Yet indefatigable marketing and promotions can “photoshop” even the direst “doom and gloom” scenarios for financial products and services to savers and investors. But even for the self-serving “prophets of boom” that financial traders and brokers, and credit rating agencies might be — surely deep within, they feel the swaying volatility in the markets, though of course they can gamble more stoically with funds not their own.
“Try and find me T-Bills or RTBs,” the frugal widow said. At least government securities, Treasury Bills (short term — maturing within one year) and Retail Treasury Bonds (medium to long term), are “safe haven” in times of market volatility.
On the KYC (Know your client) info sheet, she declared to her bank that her priority for investment is always safety of principal; sureness of income stream (interest earnings more than in-out trading gains); and that it should not be difficult to withdraw even if only partially, amounts needed for emergencies.
Being a senior citizen, the careful widow did not want to invest more than five years in a financial instrument or product. She is “Class A-B”, the account officer said, meaning that the widow is risk averse, but not really depending on interest income or dividend cash flows as critically necessary to her day-to-day survival.
In mid-June, the government offered the 21st tranche of RTBs for minimum denominations of P5,000, with a coupon rate of 4.875%, and to mature in three years, in 2021 (BusinessWorld June 11, 2018). Perfect investment-savings for the cautious group of “widows and orphans.” And the market-feel of banks and financial institutions for strong demand from the greater public pushed total tenders of P92.8 billion at the rate-setting auction for which the Bureau of Treasury (BTr) accepted P66 billion or about 70% against total tenders (Ibid.).
Earlier in the month, the BTr fully awarded close to P10 billion of 91-day T-Bills at an average rate of 3.296% and 182-day T-bills at an average rate of 3.677%, but accepted less than half or P4.239 billion 364-day securities at 4.3% as the market showed preference for shorter-dated securities amid concerns on rising inflation and interest rates (The Philippine Star June 5, 2018). National Treasurer Rosalia de Leon said results of the auctions reflected the market’s preference for short-term securities considering the inflationary environment, as well as expectations of policy rate hikes in the US (Ibid.)

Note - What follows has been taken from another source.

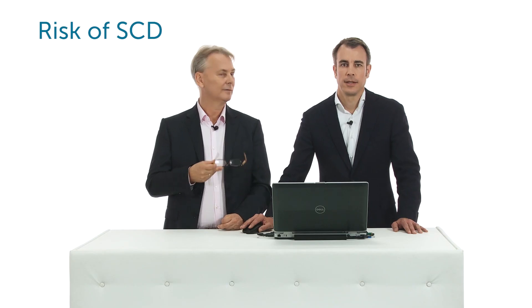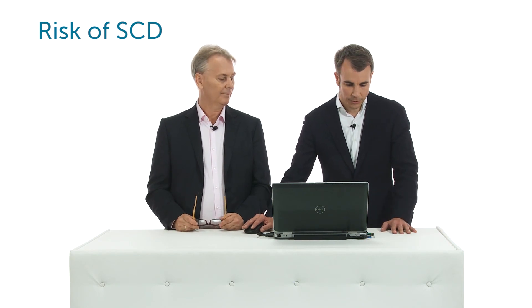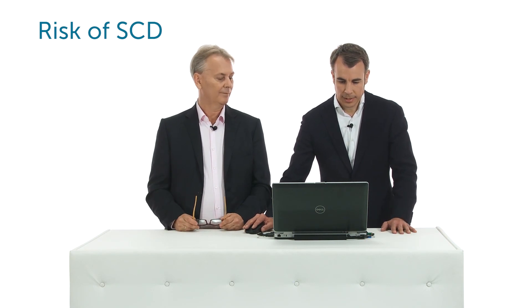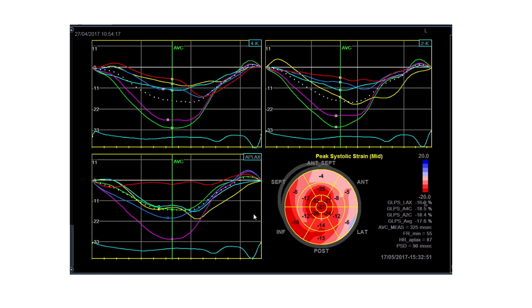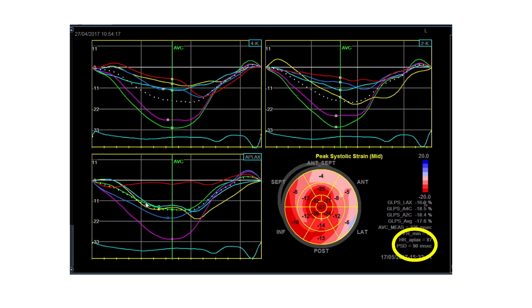But in this case, can you say something about the risk of sudden death? Not directly, but we can look at the curves once again, and this program tells us the dispersion—and this means how asynchronous is the contraction of the left ventricle. You can see that this dispersion in this case is 90 milliseconds, and this is a highly pathological value. We know from some studies that the higher the dispersion is, the more likely the patient is to suffer from ventricular arrhythmias or even from sudden cardiac death.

The market’s overbearing inclination towards short-term securities and the widow’s gingerly step to the 3-year RTBs, as examples, reflect the apprehensions of the investing public of the economy vis-à-vis their own economic situation — what will happen to me and my savings and investments in the near and medium-near future — at most, in the next five years, when the governance of the country will have been turned over to an administration hopefully more predictable and less impulsive? Let’s face it — despite the so-called surveys saying “all’s well,” the fears of uncertainty and unknown risks are there, deep in the minds and hearts of the ever-smiling, laughing, and joking Filipino — especially those that have less in life and wherewithal — as the widow analyzing her very few options for less risky investment in these tremulous times.
Consider that even the safest haven of government securities give from 2.63% to 3.44% net of tax (T-bills) and 3.9% net of tax (3-yer RTBs) — which net yields are below the current announced inflation rate of 4.6% as of May.
When net of tax GS rates are further adjusted for inflation, this would mean that the widow is actually not earning any money (negative 0.7%) from lending her P100,000 to the government. But she has no safe choice but to subsidize the government for the grandiose P8.44-trillion development plans of “Build, build, build” structured on the TRAIN (Tax Reform for Acceleration and Inclusion) Law and its expected $1.8 billion in revenues (first year — philstar.com Dec 17, 2017), with whatever shortfall to be from a stepped-up “Borrow, borrow, borrow” from domestic and foreign lenders.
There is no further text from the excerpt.